Generalization Probes
As recommended by Schlosser and Lee (2000), generalization probes were conducted throughout all phases of the study for each participant: (a) at least once prior to the start of intervention, (b) every six intervention sessions, and (c) when possible, at 2-, 4-, and 8-week intervals postintervention. These probes consisted of a conversation between each child and one member of the child's educational team. Mateo and Dante conversed with their respective special education teachers; Carmen and Geli with their AT/AAC specialists; Jesse, Joe, and Kareem with their instructional assistants; and Julian with his older adult sister (all child names are pseudonyms). Each child had the same conversation partner across all generalization probes. The adults were masked to the procedures of the intervention, and received no instructions on how to talk to the child, or what to talk about. The conversations were about topics both the child and the adult agreed on and typically lasted between 30–40 min. Therefore, these generalization probes occurred under conditions that were different from those of baseline and intervention sessions.
Training of Clinicians
Once the baseline sessions were completed, the clinicians received specific information about the intervention procedures. Because the training procedures were relatively straightforward and the clinicians had received extensive training in AAC discourse-based intervention during their clinical AAC program, a 40–50 min session was typically sufficient to complete the training procedures with the clinicians. Training included both verbal instructions by the first author and video models of child productions and appropriate clinical responses. The clinicians were also provided with a procedural checklist, which included intervention steps and strategies. Clinicians reviewed the checklist before each session. Clinicians worked with the participants either in baseline or treatment stages; that is, no clinician was simultaneously working in baseline with one participant while working in intervention with another.
Intervention
The targets of our intervention were key linguistic structures essential to early clause formation and grammaticalization, which includes verbs, pronouns, bound grammatical morphemes (e.g., third person -s, plural -s, past -ed, and present progressive -ing), and other frequently used words such as prepositions, articles, adjectives, and adverbs (see Supplemental Material S1). For children with severe MSDs and expressive language delay who use AAC, becoming fluent users of structural language components (i.e., pronouns, articles, verbs) and bound grammatical morphemes is an intervention priority because these not only form the basis of the English language but also have high combinatorial power and are essential to grammaticalization (Smith, 2015). On occasion, the clinician also modeled words that were child-specific and relevant to the conversation (e.g., prince, handsome). This approach is supported by reported association between individualized adult input in response to the child's initiations, and linguistic gains in children with communication disorders (see Camarata & Nelson, 2006; Hadley, Rispoli, Fitzgerald, & Bahnsen, 2011; Nelson et al., 1996; Warren, Fey, & Yoder, 2007).

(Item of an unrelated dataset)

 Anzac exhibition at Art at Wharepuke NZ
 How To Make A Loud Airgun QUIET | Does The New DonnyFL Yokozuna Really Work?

During intervention, a student clinician met individually with each child twice a week, with each session lasting between 40–50 min (e.g., Ruston & Schwanenflugel, 2010). Each session consisted of a conversation between the clinician and the child. The clinician first presented the child with three photographs depicting the child at three different events, such as a birthday party, a field trip, or a vacation. The clinician then asked the child to choose a photograph he or she wanted to converse about and describe the event depicted. Upon receiving a response (e.g., “party”), the clinician elicited further information (e.g., using who, where, what questions).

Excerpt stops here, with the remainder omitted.